Ivarz / Conifer

Calculate confidence scores from Kraken2 output
BSD 2-Clause "Simplified" License
21 stars 7 forks source link

Report the taxid and or name #2

Closed Midnighter closed 4 years ago

Midnighter commented 4 years ago

Hello again,

I've been using Conifer for a bit now and I find it very useful. Thank you for that. At the moment, Conifer in its simplest form reports

kraken output read1 confidence read2 confidence average

Since Conifer can obviously do this, as seen for the summary report, I would love to get the output as

taxid name (optional) read1 confidence read2 confidence average

and simply have additional rows for the same taxid. Does this make sense? Would you consider adding this output option? Or maybe there is a different simple way to map the kraken output to the taxid that I am missing right now.

Ivarz commented 4 years ago

Hello, kraken2 output contains taxids. So, in bash you can do something like

./conifer -i example.out.txt -d taxo.k2d \
    | cut -d$'\t' -f3,6,7,8 \
    | sort -k1,1n > output.txt

or some sed magic if you have names in kraken output:

conifer -i example.out.txt -d taxo.k2d \
    | cut -d$'\t' -f3,6,7,8 \
    | sed -E 's/(^.*)\s\(taxid ([0-9]*)\)/\2\t\1/' \
    | sort -k1,1n > output.txt

I hope this helps.

Midnighter commented 4 years ago

Okay, thanks for getting back to me. Yes, this information is contained. I was feeling a bit lazy and I thought since your summary mode already cleans up the name/ID, you must have helper functions to do this already and it would be a straight forward addition.

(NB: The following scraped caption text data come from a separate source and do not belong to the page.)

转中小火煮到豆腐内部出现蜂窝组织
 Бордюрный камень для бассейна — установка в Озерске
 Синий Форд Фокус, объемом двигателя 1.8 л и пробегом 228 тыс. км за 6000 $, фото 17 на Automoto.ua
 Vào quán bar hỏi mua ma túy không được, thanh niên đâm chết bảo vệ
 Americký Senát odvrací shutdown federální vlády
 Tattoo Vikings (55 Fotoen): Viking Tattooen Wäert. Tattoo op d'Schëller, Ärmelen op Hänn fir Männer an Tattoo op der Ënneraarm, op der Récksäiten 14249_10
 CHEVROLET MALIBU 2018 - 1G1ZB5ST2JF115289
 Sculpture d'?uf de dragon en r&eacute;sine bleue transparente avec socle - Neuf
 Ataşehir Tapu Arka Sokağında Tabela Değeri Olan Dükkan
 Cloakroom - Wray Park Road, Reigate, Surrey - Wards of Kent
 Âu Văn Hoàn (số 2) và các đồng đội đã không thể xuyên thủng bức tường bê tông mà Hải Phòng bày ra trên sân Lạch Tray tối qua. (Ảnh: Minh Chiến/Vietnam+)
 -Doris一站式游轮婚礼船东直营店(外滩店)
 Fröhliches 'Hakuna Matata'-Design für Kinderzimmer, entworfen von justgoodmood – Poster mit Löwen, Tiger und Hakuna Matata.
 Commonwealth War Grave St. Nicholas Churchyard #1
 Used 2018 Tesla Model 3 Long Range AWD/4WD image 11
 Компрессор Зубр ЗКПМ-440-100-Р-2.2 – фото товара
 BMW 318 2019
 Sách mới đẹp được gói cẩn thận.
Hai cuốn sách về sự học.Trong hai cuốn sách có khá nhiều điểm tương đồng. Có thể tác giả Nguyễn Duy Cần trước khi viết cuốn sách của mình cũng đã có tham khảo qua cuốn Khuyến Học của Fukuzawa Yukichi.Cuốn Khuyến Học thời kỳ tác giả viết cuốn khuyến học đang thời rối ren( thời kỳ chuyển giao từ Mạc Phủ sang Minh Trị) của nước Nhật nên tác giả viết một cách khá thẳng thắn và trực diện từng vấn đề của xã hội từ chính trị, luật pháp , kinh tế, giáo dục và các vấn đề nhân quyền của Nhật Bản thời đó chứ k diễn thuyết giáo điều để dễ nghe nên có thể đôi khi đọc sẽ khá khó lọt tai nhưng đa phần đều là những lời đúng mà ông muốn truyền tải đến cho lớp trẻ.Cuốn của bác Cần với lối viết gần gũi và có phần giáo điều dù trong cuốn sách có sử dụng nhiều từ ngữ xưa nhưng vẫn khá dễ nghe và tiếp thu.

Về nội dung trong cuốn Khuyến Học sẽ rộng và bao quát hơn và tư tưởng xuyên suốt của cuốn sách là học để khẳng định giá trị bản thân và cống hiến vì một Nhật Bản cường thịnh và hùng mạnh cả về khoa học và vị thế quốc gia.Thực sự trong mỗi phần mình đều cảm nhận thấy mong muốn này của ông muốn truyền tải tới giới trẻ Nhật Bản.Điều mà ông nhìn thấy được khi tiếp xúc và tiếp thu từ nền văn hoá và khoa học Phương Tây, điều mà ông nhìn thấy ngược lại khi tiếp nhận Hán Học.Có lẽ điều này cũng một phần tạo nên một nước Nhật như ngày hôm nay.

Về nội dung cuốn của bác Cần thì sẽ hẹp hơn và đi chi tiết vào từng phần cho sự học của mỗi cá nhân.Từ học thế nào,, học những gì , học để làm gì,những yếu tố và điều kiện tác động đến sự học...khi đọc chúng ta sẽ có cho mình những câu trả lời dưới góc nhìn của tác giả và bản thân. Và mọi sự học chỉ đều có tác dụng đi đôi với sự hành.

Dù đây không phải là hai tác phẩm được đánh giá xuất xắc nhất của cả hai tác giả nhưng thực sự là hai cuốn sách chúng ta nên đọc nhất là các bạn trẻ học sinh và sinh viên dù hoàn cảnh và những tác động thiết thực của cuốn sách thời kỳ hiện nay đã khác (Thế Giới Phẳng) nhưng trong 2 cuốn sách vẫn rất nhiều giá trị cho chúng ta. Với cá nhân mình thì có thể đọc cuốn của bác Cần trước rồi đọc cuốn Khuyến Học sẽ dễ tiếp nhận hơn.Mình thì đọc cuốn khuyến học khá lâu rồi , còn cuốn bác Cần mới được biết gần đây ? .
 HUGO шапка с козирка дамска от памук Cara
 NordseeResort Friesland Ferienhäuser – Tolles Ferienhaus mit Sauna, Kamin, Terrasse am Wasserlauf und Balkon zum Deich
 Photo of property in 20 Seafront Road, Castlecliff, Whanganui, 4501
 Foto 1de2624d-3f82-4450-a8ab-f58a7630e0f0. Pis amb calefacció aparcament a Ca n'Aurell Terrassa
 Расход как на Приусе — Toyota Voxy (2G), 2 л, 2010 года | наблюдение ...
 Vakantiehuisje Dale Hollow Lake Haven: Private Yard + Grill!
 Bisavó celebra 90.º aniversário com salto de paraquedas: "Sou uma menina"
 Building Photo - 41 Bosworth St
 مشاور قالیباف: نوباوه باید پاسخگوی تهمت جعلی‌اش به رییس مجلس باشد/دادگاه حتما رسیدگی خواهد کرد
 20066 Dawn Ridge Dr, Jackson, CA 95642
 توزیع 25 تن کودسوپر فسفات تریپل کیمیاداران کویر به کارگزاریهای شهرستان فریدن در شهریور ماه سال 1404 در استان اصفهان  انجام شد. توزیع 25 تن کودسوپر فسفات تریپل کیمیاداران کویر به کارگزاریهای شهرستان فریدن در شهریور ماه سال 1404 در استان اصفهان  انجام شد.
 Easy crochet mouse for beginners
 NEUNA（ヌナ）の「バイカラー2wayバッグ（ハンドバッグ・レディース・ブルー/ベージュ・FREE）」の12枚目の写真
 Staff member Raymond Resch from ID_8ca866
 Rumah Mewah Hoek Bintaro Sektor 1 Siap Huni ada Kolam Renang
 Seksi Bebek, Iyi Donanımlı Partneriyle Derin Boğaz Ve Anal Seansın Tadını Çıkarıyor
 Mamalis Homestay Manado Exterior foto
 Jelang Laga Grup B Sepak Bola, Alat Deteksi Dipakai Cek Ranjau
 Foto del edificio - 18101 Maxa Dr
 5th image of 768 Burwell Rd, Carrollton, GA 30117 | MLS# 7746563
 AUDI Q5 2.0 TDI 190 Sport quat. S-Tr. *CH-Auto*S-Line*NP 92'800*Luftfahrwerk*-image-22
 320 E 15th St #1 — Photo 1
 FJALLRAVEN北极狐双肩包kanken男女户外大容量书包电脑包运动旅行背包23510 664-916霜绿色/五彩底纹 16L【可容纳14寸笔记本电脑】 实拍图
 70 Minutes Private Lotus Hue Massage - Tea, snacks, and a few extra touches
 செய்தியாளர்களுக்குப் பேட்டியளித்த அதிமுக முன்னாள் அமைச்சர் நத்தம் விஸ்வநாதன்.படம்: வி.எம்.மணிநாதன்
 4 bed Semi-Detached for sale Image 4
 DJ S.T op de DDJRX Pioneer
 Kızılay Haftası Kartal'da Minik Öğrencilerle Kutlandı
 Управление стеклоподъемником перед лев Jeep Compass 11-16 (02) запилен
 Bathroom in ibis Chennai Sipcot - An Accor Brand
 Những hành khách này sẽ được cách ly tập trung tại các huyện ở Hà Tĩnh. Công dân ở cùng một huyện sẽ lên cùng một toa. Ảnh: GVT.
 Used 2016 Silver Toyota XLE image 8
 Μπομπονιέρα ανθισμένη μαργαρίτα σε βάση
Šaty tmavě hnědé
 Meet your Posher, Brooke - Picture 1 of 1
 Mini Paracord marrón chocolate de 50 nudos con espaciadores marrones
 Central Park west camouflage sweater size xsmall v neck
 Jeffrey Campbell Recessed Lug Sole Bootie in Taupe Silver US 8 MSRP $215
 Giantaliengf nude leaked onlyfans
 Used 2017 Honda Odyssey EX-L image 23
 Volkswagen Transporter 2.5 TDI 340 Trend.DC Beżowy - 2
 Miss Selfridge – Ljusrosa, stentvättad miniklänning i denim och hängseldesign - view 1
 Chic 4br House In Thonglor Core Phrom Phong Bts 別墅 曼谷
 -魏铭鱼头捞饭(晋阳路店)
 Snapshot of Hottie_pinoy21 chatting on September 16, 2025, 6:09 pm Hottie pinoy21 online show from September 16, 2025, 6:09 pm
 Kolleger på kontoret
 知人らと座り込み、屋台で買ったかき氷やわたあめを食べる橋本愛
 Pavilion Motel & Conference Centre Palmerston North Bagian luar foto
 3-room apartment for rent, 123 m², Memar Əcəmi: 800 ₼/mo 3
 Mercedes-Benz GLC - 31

Ivarz commented 4 years ago

Yeah, it does, however there are multiple fields that one might want to include/exclude. In my opinion, the best way would be to implement something like blastn's outfmt option where user can specify a list of fields to be included in the output. I might add it in future, but for now the fastest way to get the output you need would be piping through bash utilities.